Exercise details: Beneath this instruction is a listing. Transcribe from it only the stretch from the line with "Suites Viena Plaza de España Triple Room 8" through the line with "maturandi a scuola", both end lines included, exactly as written.

Excerpted records:
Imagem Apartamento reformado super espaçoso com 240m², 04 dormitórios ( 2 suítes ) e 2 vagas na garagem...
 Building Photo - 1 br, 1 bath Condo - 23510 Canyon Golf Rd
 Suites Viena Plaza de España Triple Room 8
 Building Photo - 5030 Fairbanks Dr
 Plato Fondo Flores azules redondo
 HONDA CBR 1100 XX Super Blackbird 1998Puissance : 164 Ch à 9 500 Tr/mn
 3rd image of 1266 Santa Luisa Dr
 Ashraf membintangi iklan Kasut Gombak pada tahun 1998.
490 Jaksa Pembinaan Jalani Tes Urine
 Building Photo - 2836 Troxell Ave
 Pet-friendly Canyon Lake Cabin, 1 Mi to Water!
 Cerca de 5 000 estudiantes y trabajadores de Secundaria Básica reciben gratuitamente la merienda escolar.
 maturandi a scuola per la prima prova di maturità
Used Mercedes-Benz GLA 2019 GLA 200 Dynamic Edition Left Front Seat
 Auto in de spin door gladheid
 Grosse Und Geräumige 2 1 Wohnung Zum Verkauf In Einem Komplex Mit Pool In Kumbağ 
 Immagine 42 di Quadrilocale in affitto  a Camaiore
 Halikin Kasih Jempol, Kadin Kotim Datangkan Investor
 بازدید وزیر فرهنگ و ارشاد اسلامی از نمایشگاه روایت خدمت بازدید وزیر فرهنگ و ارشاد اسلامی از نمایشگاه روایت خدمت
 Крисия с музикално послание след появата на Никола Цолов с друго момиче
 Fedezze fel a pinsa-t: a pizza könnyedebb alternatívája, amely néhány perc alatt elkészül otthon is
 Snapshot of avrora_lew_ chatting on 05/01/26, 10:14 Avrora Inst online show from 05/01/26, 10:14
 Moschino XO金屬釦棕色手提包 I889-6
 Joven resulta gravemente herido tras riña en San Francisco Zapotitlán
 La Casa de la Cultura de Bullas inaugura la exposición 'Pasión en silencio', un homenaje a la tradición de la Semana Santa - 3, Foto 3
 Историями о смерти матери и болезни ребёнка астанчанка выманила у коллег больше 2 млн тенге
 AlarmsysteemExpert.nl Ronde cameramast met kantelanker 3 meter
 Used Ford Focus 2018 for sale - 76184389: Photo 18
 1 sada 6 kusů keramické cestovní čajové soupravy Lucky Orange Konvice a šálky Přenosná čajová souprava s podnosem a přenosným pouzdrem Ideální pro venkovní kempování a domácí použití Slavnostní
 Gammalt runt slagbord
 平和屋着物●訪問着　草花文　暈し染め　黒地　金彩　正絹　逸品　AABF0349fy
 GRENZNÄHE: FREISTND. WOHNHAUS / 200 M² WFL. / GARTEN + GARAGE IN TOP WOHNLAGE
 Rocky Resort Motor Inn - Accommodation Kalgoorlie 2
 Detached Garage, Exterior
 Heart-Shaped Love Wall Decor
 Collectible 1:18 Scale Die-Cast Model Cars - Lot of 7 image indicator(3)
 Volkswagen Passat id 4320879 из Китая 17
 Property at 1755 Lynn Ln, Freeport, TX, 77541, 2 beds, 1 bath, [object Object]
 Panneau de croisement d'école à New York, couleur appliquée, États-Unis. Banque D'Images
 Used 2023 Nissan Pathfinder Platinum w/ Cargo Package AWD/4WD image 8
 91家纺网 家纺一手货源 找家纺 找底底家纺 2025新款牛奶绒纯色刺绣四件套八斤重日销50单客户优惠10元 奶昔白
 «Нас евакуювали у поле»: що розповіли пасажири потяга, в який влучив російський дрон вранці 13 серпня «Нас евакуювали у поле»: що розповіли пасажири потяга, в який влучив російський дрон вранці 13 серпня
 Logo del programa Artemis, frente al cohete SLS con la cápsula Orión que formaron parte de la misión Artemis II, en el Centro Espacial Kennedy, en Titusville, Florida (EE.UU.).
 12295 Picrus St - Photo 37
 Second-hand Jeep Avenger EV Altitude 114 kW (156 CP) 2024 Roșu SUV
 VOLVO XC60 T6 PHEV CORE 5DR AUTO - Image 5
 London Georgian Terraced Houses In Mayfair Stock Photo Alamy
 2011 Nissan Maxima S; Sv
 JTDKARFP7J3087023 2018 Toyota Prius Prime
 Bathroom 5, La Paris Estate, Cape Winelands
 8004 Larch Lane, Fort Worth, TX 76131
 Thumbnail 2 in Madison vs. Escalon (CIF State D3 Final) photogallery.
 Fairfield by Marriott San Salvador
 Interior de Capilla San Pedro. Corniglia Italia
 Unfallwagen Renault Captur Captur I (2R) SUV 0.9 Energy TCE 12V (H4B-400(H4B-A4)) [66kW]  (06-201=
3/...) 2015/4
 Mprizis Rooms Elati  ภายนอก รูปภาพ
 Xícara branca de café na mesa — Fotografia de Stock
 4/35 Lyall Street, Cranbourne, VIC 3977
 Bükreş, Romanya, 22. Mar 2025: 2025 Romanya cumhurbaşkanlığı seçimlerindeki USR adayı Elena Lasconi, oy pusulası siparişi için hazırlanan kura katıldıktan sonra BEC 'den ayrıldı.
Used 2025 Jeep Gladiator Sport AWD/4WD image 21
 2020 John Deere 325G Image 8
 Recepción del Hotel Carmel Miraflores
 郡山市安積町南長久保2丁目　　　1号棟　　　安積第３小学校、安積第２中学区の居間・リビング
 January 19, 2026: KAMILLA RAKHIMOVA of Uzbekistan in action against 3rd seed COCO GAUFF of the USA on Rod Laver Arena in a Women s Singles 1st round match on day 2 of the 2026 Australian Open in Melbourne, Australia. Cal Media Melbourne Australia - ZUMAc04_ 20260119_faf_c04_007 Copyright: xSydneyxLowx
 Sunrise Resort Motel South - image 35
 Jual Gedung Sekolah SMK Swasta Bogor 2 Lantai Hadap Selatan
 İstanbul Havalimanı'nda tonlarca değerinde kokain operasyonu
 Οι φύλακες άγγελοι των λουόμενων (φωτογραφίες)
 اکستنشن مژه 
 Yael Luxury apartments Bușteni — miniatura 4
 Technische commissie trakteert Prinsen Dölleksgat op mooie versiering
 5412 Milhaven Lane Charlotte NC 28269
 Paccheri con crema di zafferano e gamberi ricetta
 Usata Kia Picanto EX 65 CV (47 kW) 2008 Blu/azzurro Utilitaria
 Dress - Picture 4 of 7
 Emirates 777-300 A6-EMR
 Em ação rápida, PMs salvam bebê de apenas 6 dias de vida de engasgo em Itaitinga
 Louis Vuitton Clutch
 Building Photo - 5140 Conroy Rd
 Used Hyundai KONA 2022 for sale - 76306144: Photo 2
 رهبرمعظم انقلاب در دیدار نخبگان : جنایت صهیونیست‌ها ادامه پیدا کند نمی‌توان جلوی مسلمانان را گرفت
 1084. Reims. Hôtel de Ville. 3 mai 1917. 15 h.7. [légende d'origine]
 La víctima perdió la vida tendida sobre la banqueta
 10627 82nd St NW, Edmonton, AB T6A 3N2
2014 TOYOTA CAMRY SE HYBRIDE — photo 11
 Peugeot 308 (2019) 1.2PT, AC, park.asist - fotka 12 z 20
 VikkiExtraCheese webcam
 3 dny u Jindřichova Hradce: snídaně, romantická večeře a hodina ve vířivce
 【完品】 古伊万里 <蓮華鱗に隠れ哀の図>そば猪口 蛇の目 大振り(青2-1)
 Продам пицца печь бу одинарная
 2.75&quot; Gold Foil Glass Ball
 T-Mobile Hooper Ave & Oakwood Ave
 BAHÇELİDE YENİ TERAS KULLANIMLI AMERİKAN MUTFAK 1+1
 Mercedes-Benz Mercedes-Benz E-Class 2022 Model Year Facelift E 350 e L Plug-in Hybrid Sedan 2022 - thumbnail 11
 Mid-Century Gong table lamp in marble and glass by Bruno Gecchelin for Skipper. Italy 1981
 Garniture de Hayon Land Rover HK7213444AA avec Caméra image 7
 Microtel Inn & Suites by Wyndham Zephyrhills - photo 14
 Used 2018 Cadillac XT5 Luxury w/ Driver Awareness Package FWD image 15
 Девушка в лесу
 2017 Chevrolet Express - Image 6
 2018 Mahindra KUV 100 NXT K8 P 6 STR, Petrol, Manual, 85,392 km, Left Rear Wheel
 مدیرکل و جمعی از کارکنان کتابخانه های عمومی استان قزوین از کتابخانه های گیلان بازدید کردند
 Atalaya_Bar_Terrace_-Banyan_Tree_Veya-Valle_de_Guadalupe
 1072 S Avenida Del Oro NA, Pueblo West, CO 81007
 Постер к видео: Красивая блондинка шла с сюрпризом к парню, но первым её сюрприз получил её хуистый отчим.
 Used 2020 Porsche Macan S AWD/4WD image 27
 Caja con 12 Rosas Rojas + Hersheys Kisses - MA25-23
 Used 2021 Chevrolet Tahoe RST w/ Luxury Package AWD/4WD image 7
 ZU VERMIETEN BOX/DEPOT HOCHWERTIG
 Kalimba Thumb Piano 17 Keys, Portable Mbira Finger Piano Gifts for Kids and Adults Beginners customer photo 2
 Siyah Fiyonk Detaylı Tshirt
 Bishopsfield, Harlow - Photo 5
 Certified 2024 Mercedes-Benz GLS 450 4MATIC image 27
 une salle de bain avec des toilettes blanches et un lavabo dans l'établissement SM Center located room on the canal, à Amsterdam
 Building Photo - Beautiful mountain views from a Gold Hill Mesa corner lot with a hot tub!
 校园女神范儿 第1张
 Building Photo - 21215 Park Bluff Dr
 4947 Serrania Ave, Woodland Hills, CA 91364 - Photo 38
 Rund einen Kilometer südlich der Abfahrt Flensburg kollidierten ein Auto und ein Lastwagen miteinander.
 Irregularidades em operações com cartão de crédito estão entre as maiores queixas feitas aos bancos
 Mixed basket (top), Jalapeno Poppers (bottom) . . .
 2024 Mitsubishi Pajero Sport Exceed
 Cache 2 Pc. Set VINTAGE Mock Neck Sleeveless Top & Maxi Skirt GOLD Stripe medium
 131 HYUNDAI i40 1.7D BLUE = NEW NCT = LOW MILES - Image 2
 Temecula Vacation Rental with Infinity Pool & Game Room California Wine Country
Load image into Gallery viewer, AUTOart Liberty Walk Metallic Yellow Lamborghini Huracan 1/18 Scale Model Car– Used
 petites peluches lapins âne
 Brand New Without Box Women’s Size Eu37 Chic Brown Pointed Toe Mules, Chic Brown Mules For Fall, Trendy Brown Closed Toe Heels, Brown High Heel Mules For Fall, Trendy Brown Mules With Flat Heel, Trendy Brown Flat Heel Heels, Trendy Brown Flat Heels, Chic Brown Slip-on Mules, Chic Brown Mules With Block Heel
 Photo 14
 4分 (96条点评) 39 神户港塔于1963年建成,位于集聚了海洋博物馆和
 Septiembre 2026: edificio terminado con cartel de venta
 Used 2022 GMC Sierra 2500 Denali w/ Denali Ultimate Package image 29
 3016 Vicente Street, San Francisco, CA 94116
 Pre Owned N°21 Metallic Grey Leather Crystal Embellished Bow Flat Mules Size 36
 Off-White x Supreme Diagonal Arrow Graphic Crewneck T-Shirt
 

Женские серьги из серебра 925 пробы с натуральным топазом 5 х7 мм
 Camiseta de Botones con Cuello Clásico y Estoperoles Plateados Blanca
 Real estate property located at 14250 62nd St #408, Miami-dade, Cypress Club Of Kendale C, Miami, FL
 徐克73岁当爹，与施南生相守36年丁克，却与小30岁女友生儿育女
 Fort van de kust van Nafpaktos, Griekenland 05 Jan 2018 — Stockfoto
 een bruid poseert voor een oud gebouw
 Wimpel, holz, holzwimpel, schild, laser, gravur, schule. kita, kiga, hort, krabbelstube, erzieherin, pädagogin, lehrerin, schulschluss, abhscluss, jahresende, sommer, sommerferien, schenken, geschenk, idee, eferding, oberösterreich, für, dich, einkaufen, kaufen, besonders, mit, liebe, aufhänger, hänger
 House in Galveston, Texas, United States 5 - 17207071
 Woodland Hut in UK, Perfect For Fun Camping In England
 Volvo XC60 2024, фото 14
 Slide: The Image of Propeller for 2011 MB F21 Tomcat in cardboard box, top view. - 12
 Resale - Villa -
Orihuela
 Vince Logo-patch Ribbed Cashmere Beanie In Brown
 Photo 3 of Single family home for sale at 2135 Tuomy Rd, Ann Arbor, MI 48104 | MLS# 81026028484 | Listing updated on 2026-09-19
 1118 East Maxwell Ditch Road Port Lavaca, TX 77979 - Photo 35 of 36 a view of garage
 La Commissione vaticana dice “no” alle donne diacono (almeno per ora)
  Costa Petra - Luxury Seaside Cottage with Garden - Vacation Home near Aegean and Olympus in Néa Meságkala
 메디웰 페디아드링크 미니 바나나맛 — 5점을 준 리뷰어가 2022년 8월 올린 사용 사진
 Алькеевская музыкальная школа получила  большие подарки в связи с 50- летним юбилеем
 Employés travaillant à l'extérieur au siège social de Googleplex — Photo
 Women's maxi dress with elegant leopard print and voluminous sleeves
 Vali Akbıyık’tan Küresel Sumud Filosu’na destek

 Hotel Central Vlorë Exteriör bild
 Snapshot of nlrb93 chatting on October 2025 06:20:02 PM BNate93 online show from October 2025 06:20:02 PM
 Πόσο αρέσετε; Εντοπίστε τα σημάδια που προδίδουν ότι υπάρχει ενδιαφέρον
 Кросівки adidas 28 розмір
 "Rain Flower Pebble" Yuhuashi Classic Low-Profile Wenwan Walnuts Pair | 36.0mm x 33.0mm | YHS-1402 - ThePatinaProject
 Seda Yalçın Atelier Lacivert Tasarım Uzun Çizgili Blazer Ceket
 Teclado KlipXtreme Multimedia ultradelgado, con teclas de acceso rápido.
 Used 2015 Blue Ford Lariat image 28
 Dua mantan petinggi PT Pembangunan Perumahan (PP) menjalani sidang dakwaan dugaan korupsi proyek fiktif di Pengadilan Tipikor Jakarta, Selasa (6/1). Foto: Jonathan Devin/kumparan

Worked solution:
 Suites Viena Plaza de España Triple Room 8
 Building Photo - 5030 Fairbanks Dr
 Plato Fondo Flores azules redondo
 HONDA CBR 1100 XX Super Blackbird 1998Puissance : 164 Ch à 9 500 Tr/mn
 3rd image of 1266 Santa Luisa Dr
 Ashraf membintangi iklan Kasut Gombak pada tahun 1998.
490 Jaksa Pembinaan Jalani Tes Urine
 Building Photo - 2836 Troxell Ave
 Pet-friendly Canyon Lake Cabin, 1 Mi to Water!
 Cerca de 5 000 estudiantes y trabajadores de Secundaria Básica reciben gratuitamente la merienda escolar.
 maturandi a scuola per la prima prova di maturità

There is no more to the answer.